Caption-style text data
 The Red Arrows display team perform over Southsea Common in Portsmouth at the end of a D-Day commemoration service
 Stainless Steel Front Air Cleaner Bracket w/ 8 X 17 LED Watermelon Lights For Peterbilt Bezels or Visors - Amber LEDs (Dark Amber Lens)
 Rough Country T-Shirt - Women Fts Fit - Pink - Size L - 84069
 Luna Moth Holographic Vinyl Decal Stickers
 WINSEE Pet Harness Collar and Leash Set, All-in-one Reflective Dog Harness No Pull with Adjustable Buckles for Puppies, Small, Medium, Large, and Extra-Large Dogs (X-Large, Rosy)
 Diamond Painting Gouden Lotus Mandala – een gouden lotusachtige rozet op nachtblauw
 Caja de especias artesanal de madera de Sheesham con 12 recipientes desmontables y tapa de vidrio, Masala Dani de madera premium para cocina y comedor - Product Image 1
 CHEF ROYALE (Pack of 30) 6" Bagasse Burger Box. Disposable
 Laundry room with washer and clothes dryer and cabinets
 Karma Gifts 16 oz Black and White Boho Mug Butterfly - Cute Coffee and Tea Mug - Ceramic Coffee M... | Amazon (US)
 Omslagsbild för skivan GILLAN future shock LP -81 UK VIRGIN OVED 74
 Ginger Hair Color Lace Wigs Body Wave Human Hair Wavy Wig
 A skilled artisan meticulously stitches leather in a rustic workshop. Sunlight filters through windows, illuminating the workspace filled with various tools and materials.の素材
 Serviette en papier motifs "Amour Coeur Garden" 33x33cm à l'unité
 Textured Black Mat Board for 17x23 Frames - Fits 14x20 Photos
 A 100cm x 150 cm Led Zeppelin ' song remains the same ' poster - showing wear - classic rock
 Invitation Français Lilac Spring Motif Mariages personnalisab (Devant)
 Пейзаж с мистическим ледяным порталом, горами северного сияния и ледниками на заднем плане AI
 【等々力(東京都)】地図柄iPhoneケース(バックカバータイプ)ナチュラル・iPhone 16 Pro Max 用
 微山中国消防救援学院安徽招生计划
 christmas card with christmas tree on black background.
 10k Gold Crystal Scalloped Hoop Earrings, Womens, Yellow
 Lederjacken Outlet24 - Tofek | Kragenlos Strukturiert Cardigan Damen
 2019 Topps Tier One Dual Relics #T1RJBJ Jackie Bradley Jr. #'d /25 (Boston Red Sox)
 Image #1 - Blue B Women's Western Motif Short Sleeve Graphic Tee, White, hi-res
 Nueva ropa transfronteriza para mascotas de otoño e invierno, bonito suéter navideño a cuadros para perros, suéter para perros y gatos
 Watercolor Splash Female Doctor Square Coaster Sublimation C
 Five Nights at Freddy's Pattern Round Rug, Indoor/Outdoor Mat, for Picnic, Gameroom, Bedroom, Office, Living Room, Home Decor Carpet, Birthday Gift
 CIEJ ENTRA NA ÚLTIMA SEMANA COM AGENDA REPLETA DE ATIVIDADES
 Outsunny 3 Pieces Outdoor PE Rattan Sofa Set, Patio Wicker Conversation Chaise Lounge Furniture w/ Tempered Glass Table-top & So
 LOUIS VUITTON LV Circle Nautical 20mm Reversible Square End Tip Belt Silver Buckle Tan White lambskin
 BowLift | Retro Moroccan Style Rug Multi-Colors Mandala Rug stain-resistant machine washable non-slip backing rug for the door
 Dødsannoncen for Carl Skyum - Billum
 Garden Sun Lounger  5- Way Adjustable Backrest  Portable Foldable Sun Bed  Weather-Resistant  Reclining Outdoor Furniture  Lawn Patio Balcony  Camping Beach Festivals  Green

§ **TASK GOAL**:
List every line from the entries above in which "Patio" appears.

§ **OUTPUT FOR THIS EXERCISE**:
 Outsunny 3 Pieces Outdoor PE Rattan Sofa Set, Patio Wicker Conversation Chaise Lounge Furniture w/ Tempered Glass Table-top & So
 Garden Sun Lounger  5- Way Adjustable Backrest  Portable Foldable Sun Bed  Weather-Resistant  Reclining Outdoor Furniture  Lawn Patio Balcony  Camping Beach Festivals  Green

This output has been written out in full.